Utime pied de nez à ses détracteurs (que l'ami Emmanuel Parody pourrait appeler 'posture du Manneken-Pis"), Google a décidé de rayer de la carte de l'Internet la presse belge francophone. Rayer du web : Google a bien ce pouvoir là, ou presque, puisque le moteur de recherche concentre plus de 80% des recherches sur le web et amène plus de 30% de trafic aux sites d'informations. Cette ultime péripétie est la dernière d'un long bras de fer entamé par Copiepresse, qui rassemble l'essentiel des éditeurs de presse belges francophones et Google sur l'indexation de leurs contenus sur le moteur de recherche et sur Google News. La presse belge voulait faire payer Google. La justice lui a donné raison le 5 mai dernier. Résultat : le 15 juillet, Google a décidé de les dé-référencer purement et simplement.

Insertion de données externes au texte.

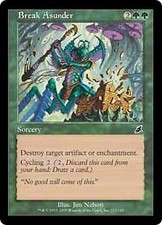 Scourge Break Asunder x4 Magic The Gathering NM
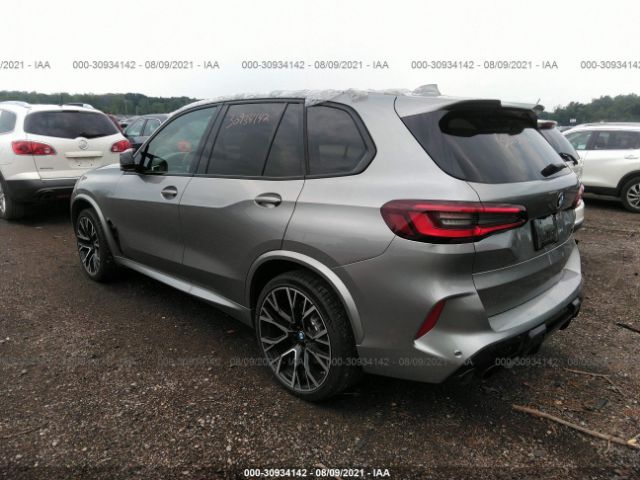 Photo 2 VIN: 5YMJU0C04M9F08214 - BMW X5 M 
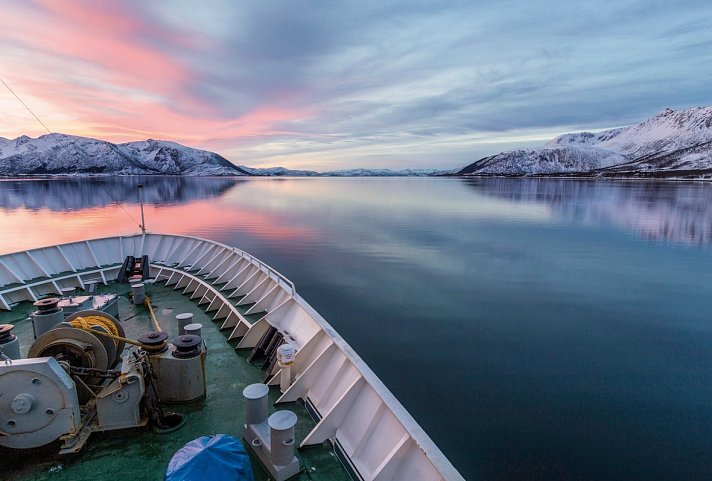 Polarlichtabenteuer Lofoten und Vesterålen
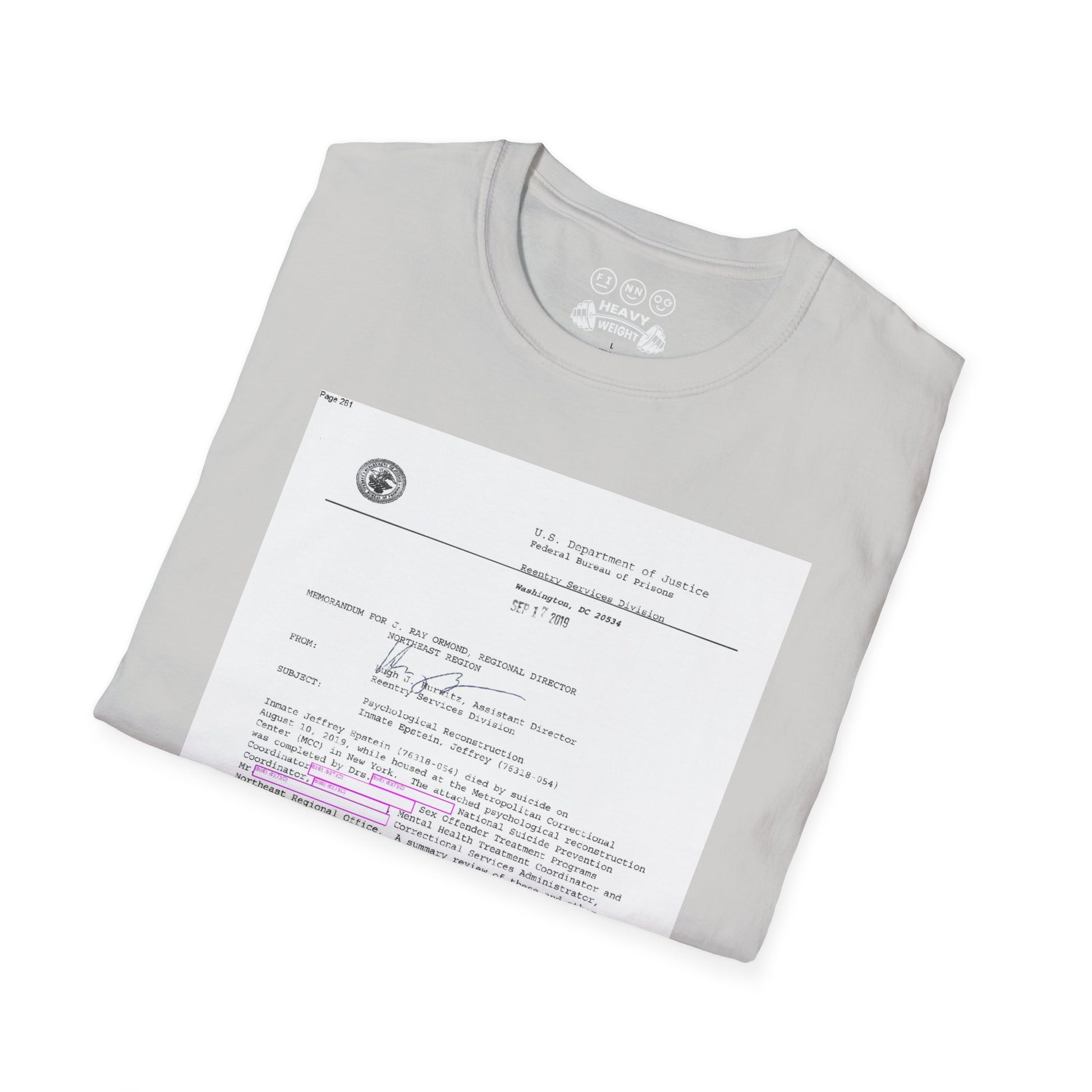 Prison Unisex T-Shirt - OG Garments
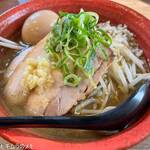 二代目 拉麺大公 花 - 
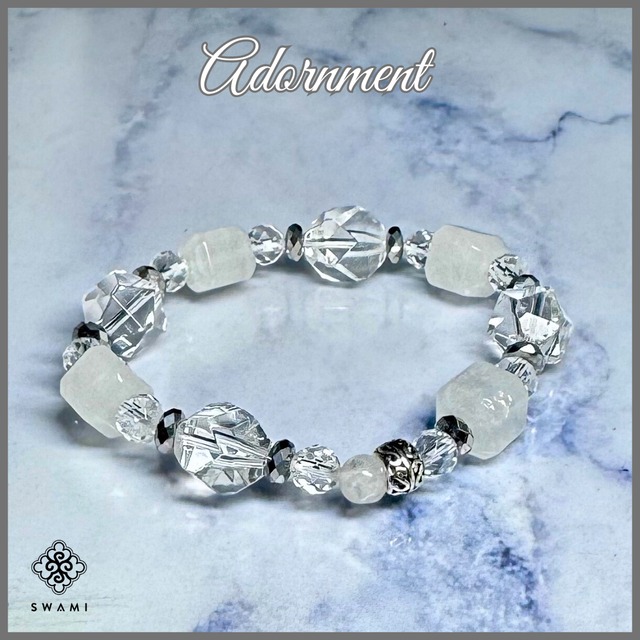 SWAMI スワミブレスレット アドーンメント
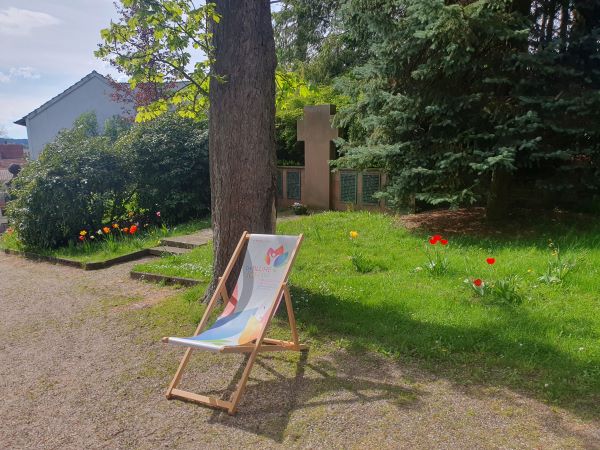 Liegestuhl LGS am Kirchberg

Pris à leur propre piège, les éditeurs de presse sont furieux. Ils estiment que Google va trop loin. Google répond qu'elle ne fait qu'appliquer la décision de justice à la lettre. Démonstration de force ? Réaction à l'absurde par l'absurde ? Abus de position dominante ou suprême dédain face au "nain" belge ? Finalement, qui a raison et tort dans cette histoire ?
Tout d'abord, la presse belge a raison de dire que Google va au delà de ce que lui demande la cour d'Appel de Bruxelles.
Le grief constaté par Copiepresse concernait l'indexation dans Google News d'une part, et le stockage des articles dans le service de "cache" de Google search. Ce dernier permet à l'internaute de voir intégralement une ancienne version d'article qui aurait été retirée du site de presse. Une fonctionnalité bien utile, soit dit en passant, et souvent exploitée par les journalistes dans leurs enquêtes (lorsque ceux-ci savent l'utiliser).
La cour d'Appel semble ne statuer que sur cette demande, mais le verbatim, il est vrai, n'est pas très clair : la cour demande le retrait de Google.be et Google.com et plus particulièrement des liens en cache visibles sur "Google Web". Ce qui a laissé à Google une petite marge de manoeuvre.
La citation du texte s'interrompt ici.